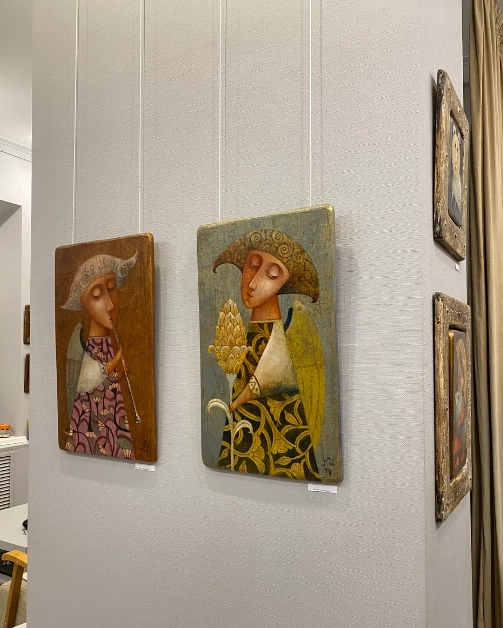 Выставочный центр Арт Союз в Краснодаре: Посмотреть, Картины, Искусство, Культурв, Мероприятия, События,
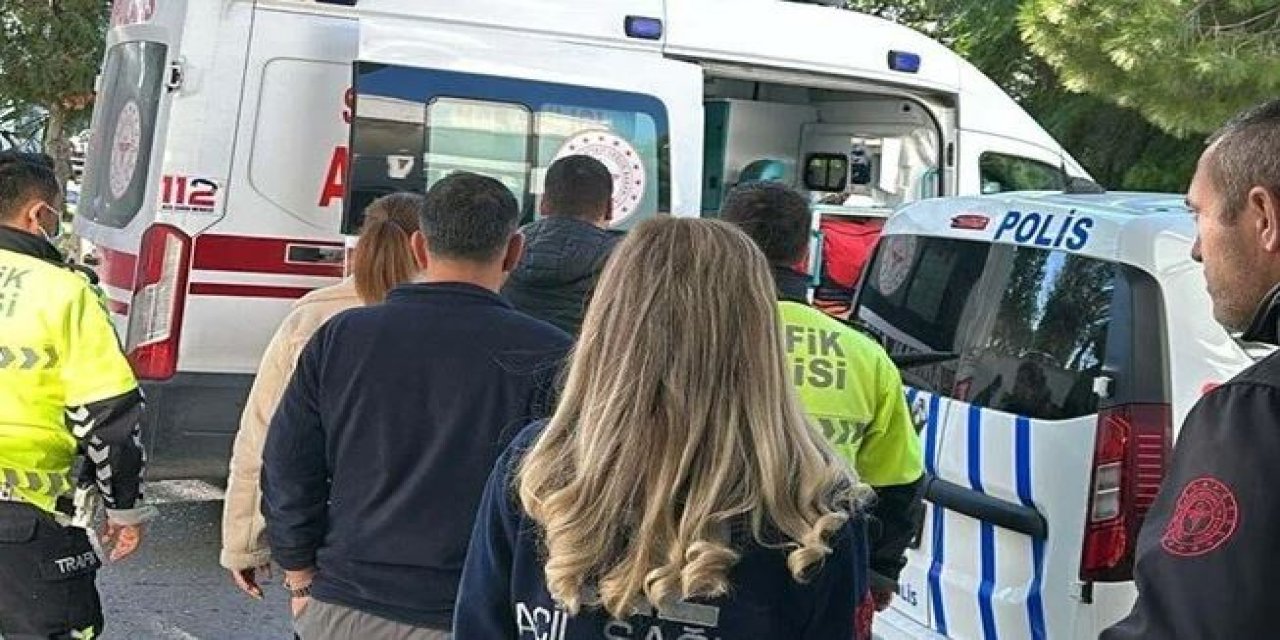 İzmir'de lisede bıçaklı kavga: 3'ü öğrenci, 5 yaralı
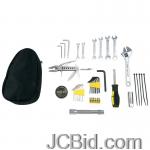 JCBid.com online auction 45pc-motorcycle-kit-sae-metr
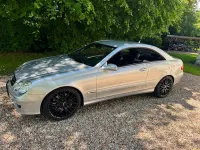 Gebraucht Mercedes 320 224 PS (164 kW) 2007 Silber Coupé
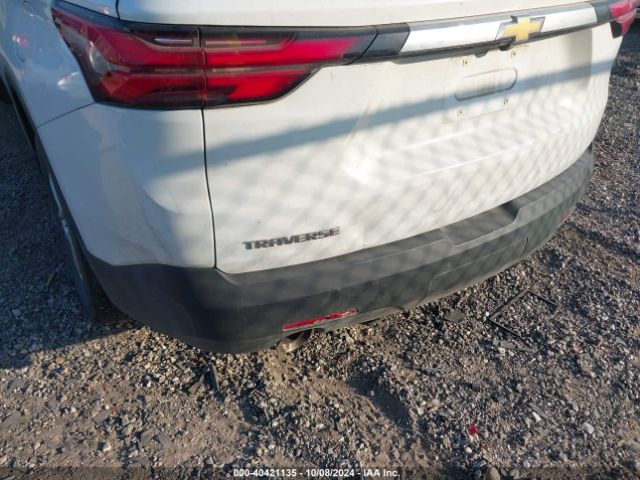 1GNERFKW7PJ140834 Chevrolet Traverse Fwd Ls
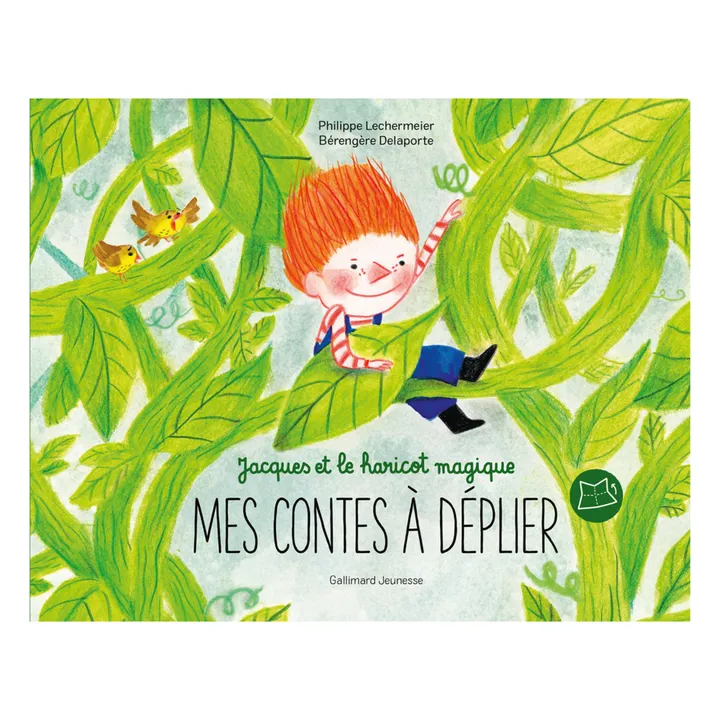 Gallimard Jeunesse Livre à déplier Jacques et le haricot magique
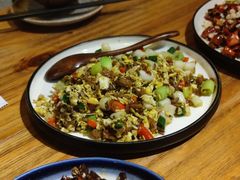 外婆菜炒蛋-无届青年餐馆(熙街店)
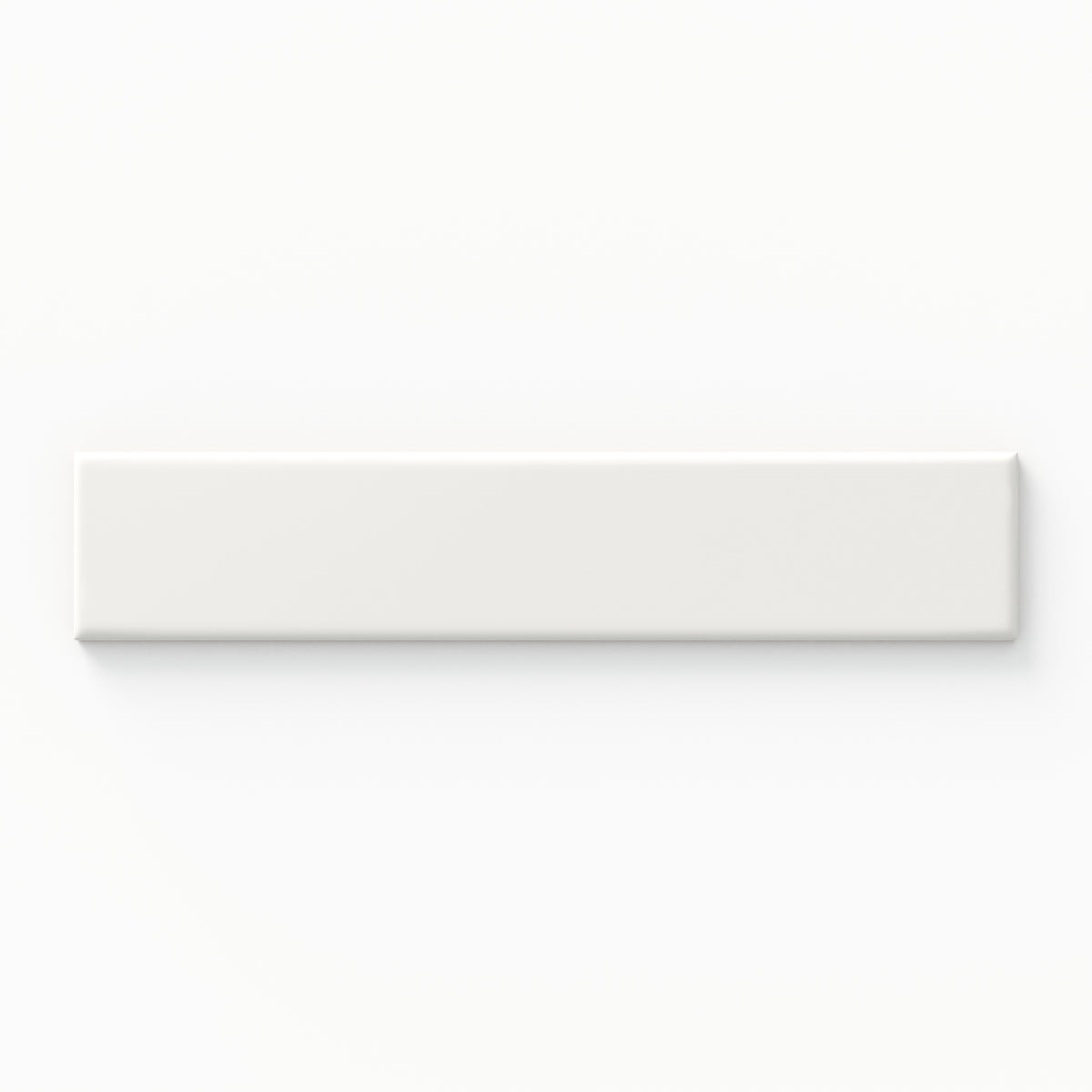 Reagan 2 x 10 Matte Ceramic Tile in Blanco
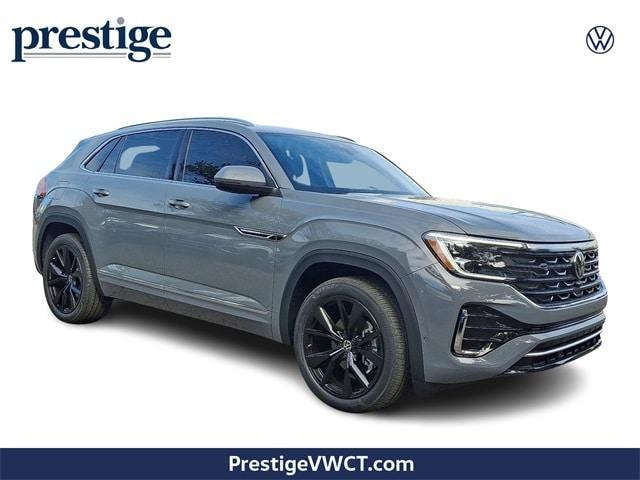 new 2026 Volkswagen Atlas Cross Sport car, priced at $55,936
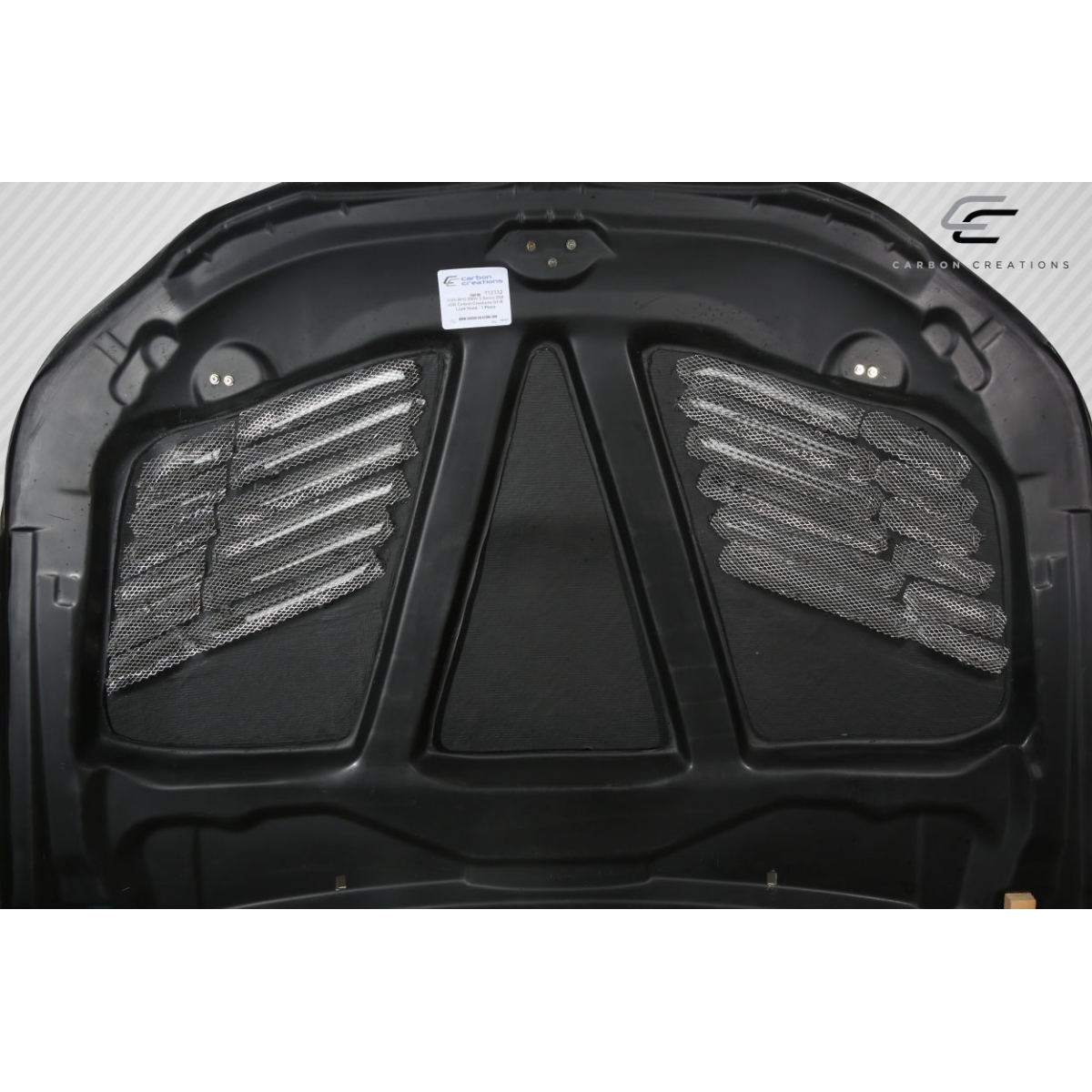 Modify your BMW 5-Series 2004 with our Exterior/Hoods - Part viewed from top down angle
------------
#### Goal of the exercise:
Please print the entries above exactly. Skip every picture.

#### Response area:
 Выставочный центр Арт Союз в Краснодаре: Посмотреть, Картины, Искусство, Культурв, Мероприятия, События,
 İzmir'de lisede bıçaklı kavga: 3'ü öğrenci, 5 yaralı
 JCBid.com online auction 45pc-motorcycle-kit-sae-metr
 Gebraucht Mercedes 320 224 PS (164 kW) 2007 Silber Coupé
 1GNERFKW7PJ140834 Chevrolet Traverse Fwd Ls
 Gallimard Jeunesse Livre à déplier Jacques et le haricot magique
 外婆菜炒蛋-无届青年餐馆(熙街店)
 Reagan 2 x 10 Matte Ceramic Tile in Blanco
 new 2026 Volkswagen Atlas Cross Sport car, priced at $55,936
 Modify your BMW 5-Series 2004 with our Exterior/Hoods - Part viewed from top down angle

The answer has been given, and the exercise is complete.